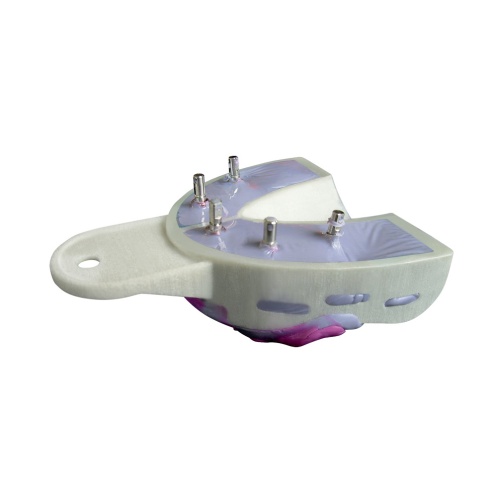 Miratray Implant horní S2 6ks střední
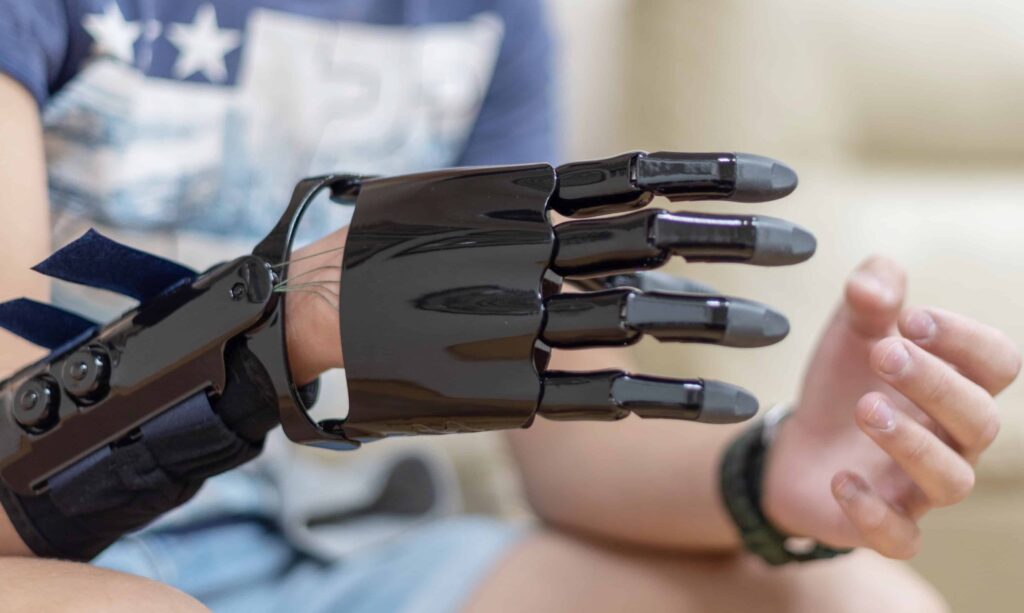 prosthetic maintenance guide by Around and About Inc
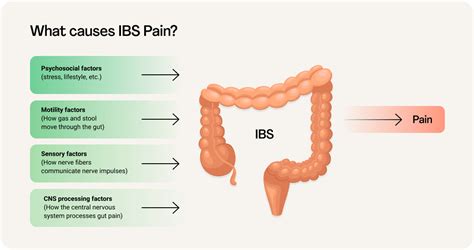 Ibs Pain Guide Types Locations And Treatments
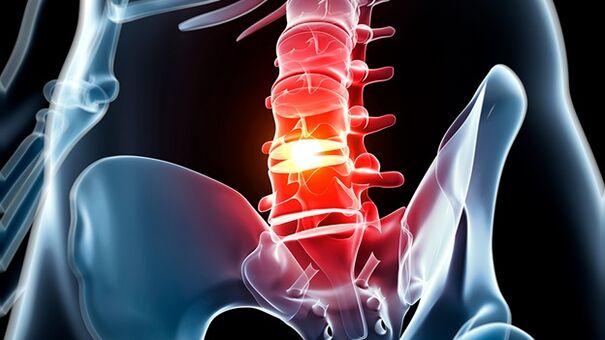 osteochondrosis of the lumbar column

◆ ◆ ◆

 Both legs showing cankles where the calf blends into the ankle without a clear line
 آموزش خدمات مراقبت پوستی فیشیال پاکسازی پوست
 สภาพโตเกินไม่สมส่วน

◆ ◆ ◆

• [Aim of the exercise]:
Starting at the line with "Miratray Implant horní S2 6ks střední" and finishing at the line with "osteochondrosis of the lumbar column", copy the material above exactly, both lines included. Nothing else goes in, and no pictures.

• [Response for this exercise]:
 Miratray Implant horní S2 6ks střední
 prosthetic maintenance guide by Around and About Inc
 Ibs Pain Guide Types Locations And Treatments
 osteochondrosis of the lumbar column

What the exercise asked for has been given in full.